### Your goal:
Please print exactly the lines below, from the start of the material up to and including the line with "Beer bottle on", but none of the pictures.

### Study material:
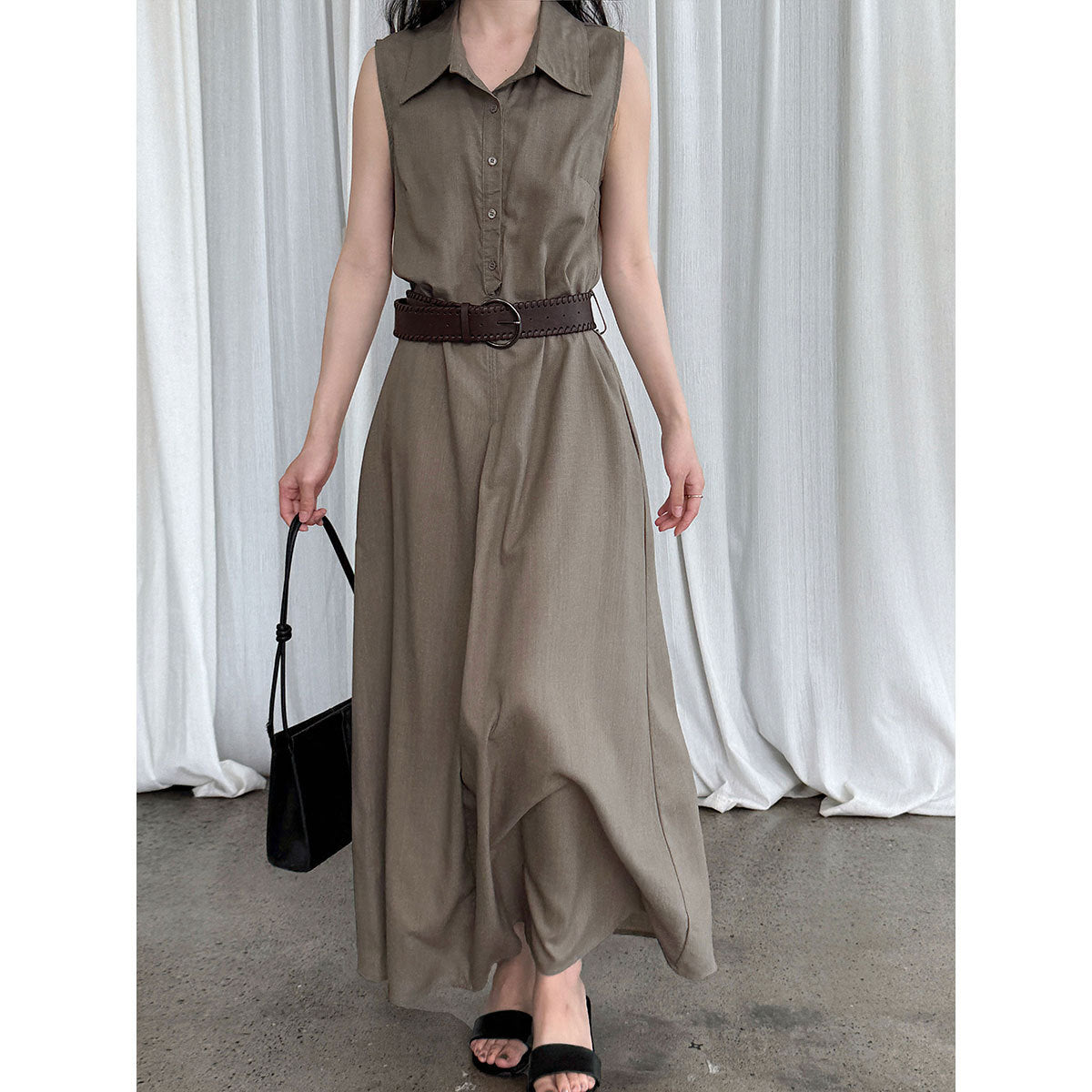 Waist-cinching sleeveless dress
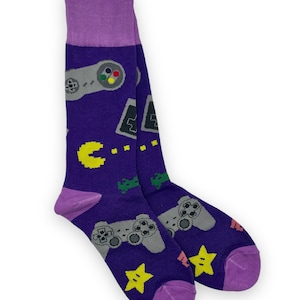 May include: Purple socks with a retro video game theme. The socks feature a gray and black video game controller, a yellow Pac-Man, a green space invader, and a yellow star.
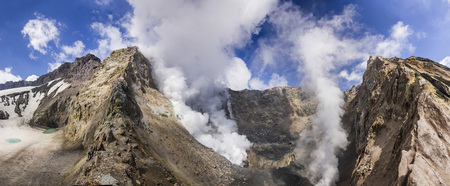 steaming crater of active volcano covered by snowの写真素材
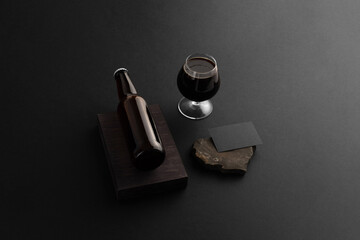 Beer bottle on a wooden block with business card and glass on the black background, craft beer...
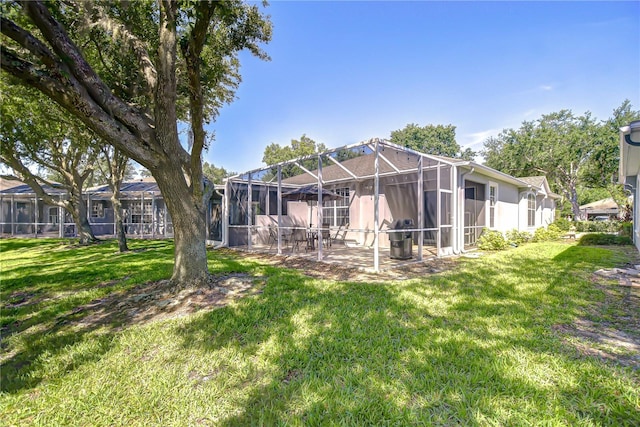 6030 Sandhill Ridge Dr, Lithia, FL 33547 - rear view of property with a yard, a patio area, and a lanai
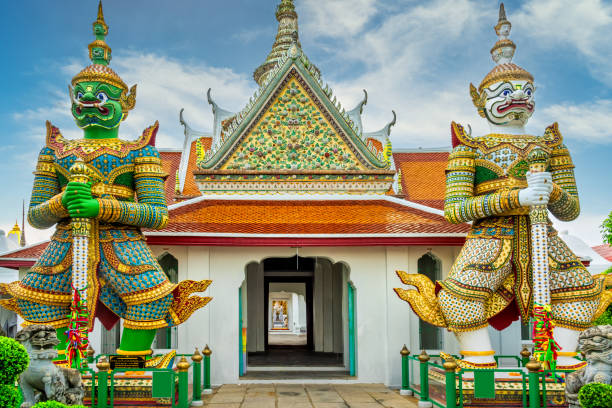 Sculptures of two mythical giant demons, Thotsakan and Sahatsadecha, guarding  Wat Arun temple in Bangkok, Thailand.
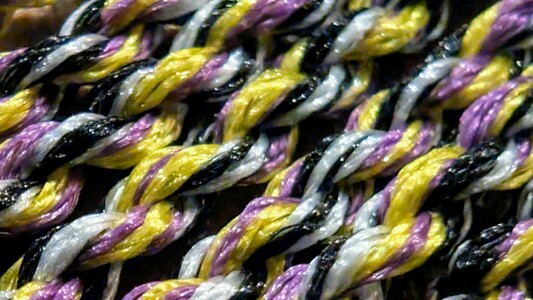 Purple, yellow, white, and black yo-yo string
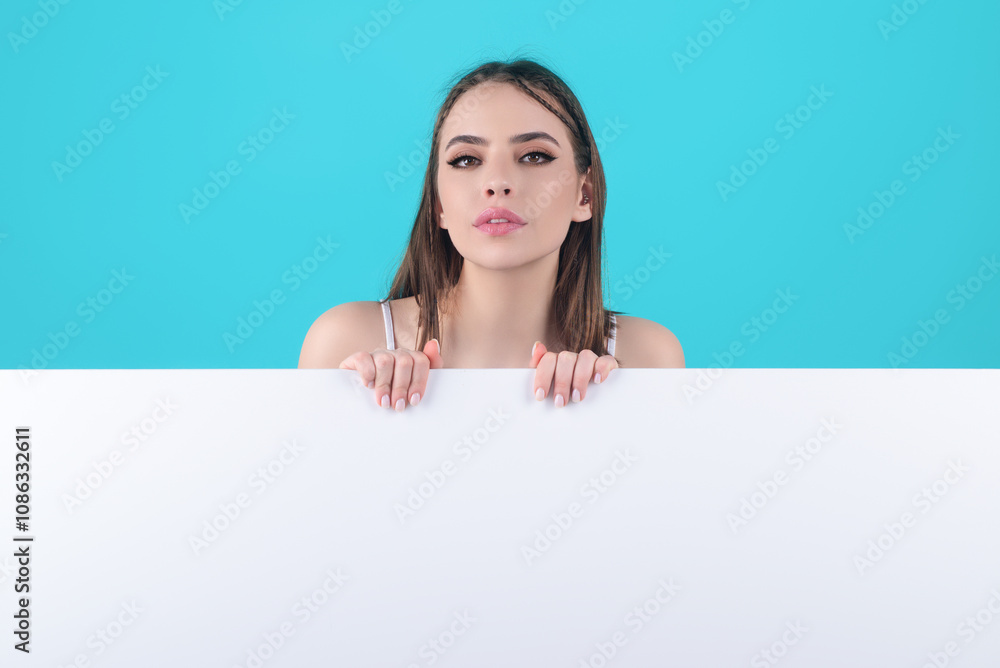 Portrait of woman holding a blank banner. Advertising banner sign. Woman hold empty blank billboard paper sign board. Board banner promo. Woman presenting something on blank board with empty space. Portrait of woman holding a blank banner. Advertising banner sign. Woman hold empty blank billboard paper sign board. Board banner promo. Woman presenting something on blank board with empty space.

### Answer to this problem:
 Waist-cinching sleeveless dress
 May include: Purple socks with a retro video game theme. The socks feature a gray and black video game controller, a yellow Pac-Man, a green space invader, and a yellow star.
 steaming crater of active volcano covered by snowの写真素材
 Beer bottle on a wooden block with business card and glass on the black background, craft beer...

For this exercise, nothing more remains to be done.